I have the following exercise:

create a neural network using the k-fold cross validation. Evaluate the performance for different configurations.

After this, i should compare the values with the values obtained using the decision tree model, for the same data.

for the given data:

I have to normalize the values, and i am able to normalize them. But the question is, does it make sense to change the values in the race field like:

Asian - 0
White - 1
Other - 2

and then normalize the values (0 to 1), or should i just use the fields "age", "salary" and "academic level"?

The dependent variable will be a new column, dividing the salary in "high" and "low".

What fields does it make sense to normalize and use in the neural network? Can i use normalize all of them and use all fields in the neural network?

Solution

This is an interesting question. When working with neural networks (with a modern perspective) it is generally best to use as much of your data as possible, and minimize the amount of manual preprocessing.

Option 1 is the worst: just work with numeric attributes (normalized).

Option 2 takes this a step further: also use categorical attributes where order is obvious. I suppose this is what you intend to do with "academic level". In these cases you could try to translate these values to normalized numbers. Not ideal, but better than not using them.

Option 3: For categorical attributes where order makes little sense you could create a boolean attribute for each option! This seems scary as it rapidly increases dimensionality, but it is often a good approach. For example, if you have 4 job categories, you could try working with 4 columns, one for each job option.

Option 4: By far the best approach (but also the hardest to implement) is to use embeddings. This is similar to an idea that revolutionized the use of deep learning in natural language processing.

The problem with language is similar to your own problem: how to numericalize input words. The first approach is to translate each word in the string into a vector, where the length of the vector is the number of words in the vocabulary, and all is 0 except for the index of the current word. This is called one-hot-encoding. Imagine our vocabulary is "Russia, Apple, Lake, Pear". Then the word "Apple" would be encoded by [0, 1, 0, 0]. Good, but this erases a lot of information. For example, Apple is more similar to Pear than to Russia, but [0, 1, 0, 0] is as similar to [0, 0, 0, 1] as it is to [1, 0, 0, 0].

But we can use dense vectors! (Like [0.12, 0.42, -0.01, 0.9].) For example, it is typical to encode any word in the dictionary as a 300-dimensional vector. The subtleties of semantic similarity and meaning will be encoded in the different dimensions of the vector.

So... why not do the same with your problematic attributes? Ordering race input like you propose makes no sense, and it may confuse the algorithm. Why "Asian" the highest value? Why "Black" between "Hispanic" and "White"? (Using a social construct like race highlights why this is problematic.)

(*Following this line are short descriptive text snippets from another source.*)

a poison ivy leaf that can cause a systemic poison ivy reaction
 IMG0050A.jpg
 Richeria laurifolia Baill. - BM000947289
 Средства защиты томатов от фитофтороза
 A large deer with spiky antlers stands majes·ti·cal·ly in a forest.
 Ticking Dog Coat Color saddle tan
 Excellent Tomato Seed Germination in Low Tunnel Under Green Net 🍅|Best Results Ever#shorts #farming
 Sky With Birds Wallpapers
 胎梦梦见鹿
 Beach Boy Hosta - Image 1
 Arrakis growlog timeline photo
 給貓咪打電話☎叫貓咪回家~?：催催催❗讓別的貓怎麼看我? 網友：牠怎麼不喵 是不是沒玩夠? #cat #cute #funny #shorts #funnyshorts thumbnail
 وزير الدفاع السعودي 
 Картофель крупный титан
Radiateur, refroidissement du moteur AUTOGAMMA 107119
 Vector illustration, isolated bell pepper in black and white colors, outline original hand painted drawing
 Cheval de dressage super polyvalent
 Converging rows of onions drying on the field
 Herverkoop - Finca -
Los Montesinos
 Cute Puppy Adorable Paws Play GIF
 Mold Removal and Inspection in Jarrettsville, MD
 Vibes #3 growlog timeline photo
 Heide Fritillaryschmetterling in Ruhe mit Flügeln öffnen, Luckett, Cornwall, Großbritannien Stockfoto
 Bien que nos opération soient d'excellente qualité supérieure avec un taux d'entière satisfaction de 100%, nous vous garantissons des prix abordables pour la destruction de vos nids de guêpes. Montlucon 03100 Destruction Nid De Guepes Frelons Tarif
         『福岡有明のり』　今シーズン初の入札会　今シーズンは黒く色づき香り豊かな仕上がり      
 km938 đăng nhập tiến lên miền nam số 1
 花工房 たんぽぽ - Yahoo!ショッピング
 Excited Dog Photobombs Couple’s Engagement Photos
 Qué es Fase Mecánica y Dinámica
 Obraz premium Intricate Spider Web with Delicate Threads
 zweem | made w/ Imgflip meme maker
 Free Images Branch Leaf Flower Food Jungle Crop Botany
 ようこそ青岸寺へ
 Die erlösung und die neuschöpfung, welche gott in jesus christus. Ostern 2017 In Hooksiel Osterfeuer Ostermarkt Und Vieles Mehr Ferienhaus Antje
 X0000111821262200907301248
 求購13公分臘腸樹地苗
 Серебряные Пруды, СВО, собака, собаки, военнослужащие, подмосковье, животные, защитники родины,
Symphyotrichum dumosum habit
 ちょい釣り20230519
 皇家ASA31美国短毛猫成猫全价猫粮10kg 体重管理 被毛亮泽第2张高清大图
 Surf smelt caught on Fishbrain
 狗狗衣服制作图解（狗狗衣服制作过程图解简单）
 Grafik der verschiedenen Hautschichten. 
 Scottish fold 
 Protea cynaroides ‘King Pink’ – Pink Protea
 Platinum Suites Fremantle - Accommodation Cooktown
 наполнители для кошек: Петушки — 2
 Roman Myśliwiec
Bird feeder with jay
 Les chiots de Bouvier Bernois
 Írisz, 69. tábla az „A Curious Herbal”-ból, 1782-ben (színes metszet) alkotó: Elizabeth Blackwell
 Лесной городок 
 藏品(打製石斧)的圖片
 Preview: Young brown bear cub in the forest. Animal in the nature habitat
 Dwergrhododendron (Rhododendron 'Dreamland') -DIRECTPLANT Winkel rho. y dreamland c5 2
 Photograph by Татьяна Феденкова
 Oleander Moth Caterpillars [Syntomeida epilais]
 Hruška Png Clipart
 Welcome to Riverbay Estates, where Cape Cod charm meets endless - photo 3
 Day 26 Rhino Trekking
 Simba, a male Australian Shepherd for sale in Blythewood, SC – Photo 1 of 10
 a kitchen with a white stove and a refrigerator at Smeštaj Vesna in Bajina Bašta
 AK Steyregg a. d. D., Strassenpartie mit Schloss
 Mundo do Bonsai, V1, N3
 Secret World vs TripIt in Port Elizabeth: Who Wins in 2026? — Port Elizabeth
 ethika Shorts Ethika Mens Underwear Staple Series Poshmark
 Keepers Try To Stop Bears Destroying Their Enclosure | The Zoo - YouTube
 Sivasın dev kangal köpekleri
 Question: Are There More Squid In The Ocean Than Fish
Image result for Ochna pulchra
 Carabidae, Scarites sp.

Now word embeddings are often pretrained and are reused. In your case you need to train these vectors as part of your model's parameters (look for "embedding layers"). It may not be trivial to implement this from scratch, but it's good that you are at least aware of the possibilities. In case you want to give this idea a try, I would suggest looking into Tabular Learning for Fastai, that really makes all of this very approachable even for people with not much experience.